"That's outrageous," said Hayward Councilman Kevin Dowling, shortly after the message arrived in his e-mail inbox on Friday afternoon. "These people don't live in Hayward. ... If it's such a great deal, why don't you bring it to your own city?"
The San Leandro business network e-mailed 1,100 people on its membership and e-mail lists, asking them to "join chamber leaders in showing support for the proposed Eastshore Energy Center."
The e-mail urged members to print out and mail a form letter to the California Energy Commission in support of the 115-megawatt gas-burning plant.
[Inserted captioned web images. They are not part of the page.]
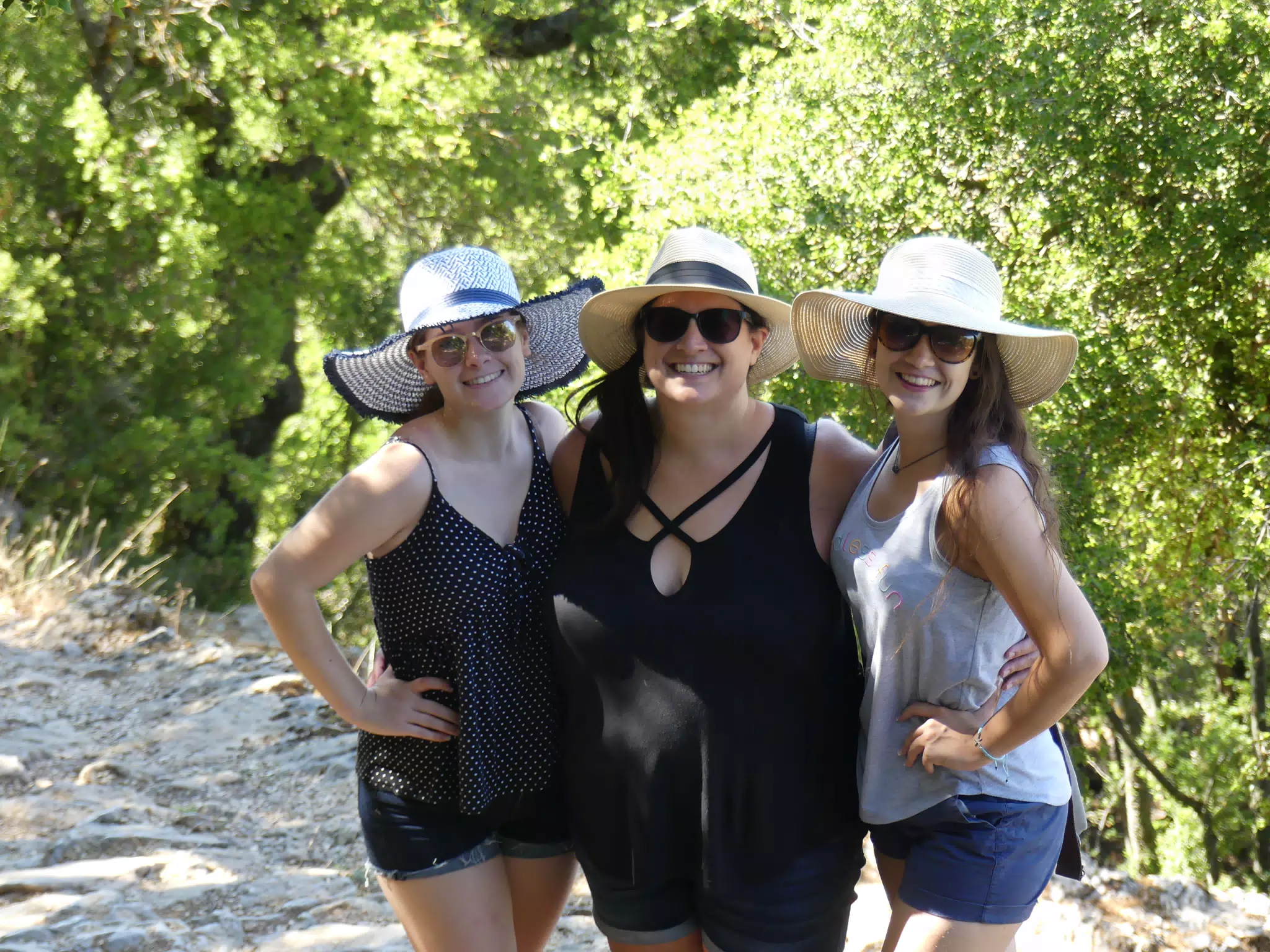 Madeline, Dominica and Emily on the Trail to the Psychro Cave Above the Lasithi Plateau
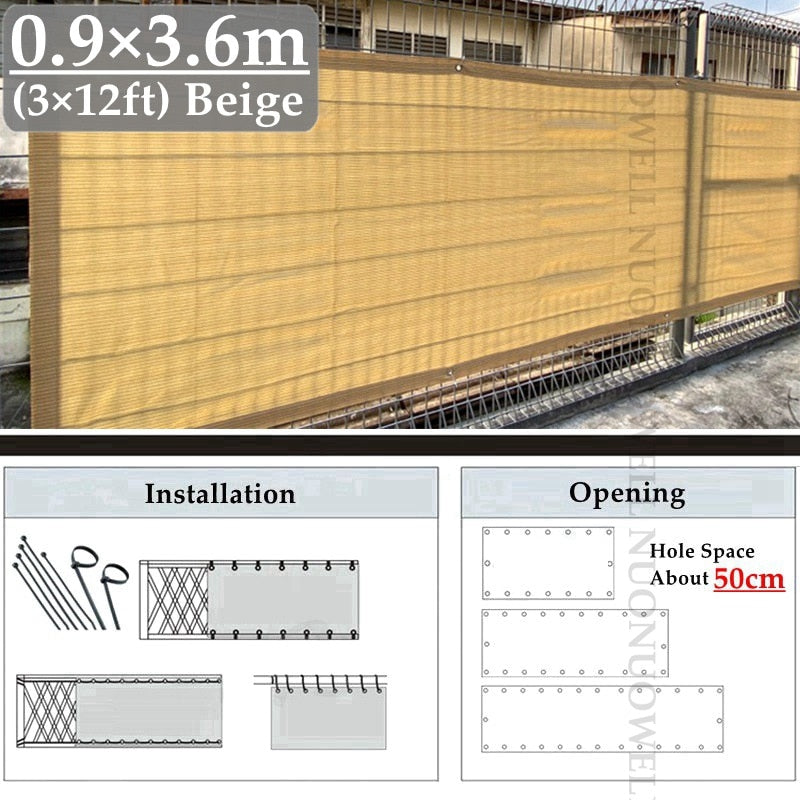 Wide 0.9m 3ft HDPE Anti-UV Sun Shade Net Garden Plants Cover Shade Sails Enclosure Nets Balcony Terrace Fence Safety Privacy Net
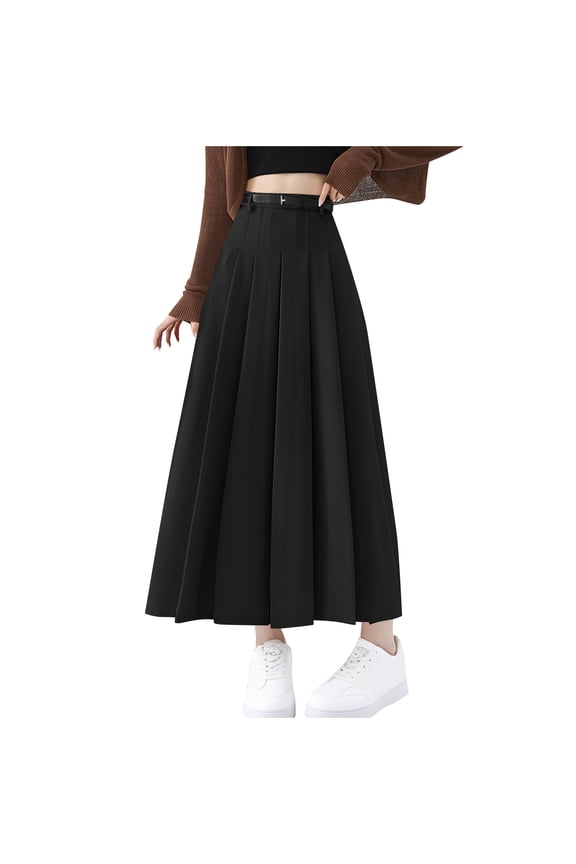 Wool Maxi Skirts for Womens High Waisted Pleated Business Skirts Fall Winter A Line Dressy Work S-XL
It also warned that "a group of individuals is trying to kill" the project.
Dowling said he objected to the tone of the letter, a nearly identical version of which went out to members of the Hayward Chamber of Commerce last week.
The Hayward City Council voted unanimously to oppose the power plant in March, although the state has ultimate authority on whether it is built. The state Energy Commission has also reported receiving more than 1,300 letters against the plant so far.
"The council's against it, and most of the community is against it," Dowling said. "Everybody but the chamber is against it.
San Leandro Chamber CEO Diana Gentry said her organization decided to lend its support to the plant after receiving a request from Gordon Galvan, a local consultant for Texas-based plant developer Tierra Energy, and after talking to Tom Guarino, a community affairs representative for Pacific Gas & Electric.
Galvan is also a former San Leandro councilman who serves on the San Leandro Chamber's government relations committee. Guarino is a former CEO of the San Leandro Chamber who also serves on the government relations committee. Neither participated when the board voted last week to support the plant, Galvan said.
"We asked for their support," Galvan said. "We're going to ask a lot of people for their support. It's not just a Hayward issue, it's a regional issue."
Since the plans became known to the public late last year, proponents have argued that Eastshore's 14 internal combustion engines will help ensure safe, reliable electricity in the Hayward area. The facility would be a "peaker" plant, meant to generate energy for PG&E's power grid during periods of peak demand.
"As a chamber, we feel the project is good business," said Heidi Finberg, a former San Leandro Chamber CEO who said she brought the issue to the chamber's government affairs board on Galvan's behalf. "I don't know of any business, any real organized group, that is opposed to it."
Finberg said Galvan gave a presentation last week, and Guarino "spoke about it from an energy perspective."
Guarino did not return a call or e-mail for comment Friday, but PG&E spokesman David Eisenhauer called Guarino and was told that Guarino "abstained from voting" on the issue.
PG&E signed a contract more than a year ago to buy electricity from Tierra's future plant on Clawiter Road in west Hayward. But the investor-owned utility company has mostly avoided attending public meetings on the project, arguing that it is a third party to the proceedings and not directly involved.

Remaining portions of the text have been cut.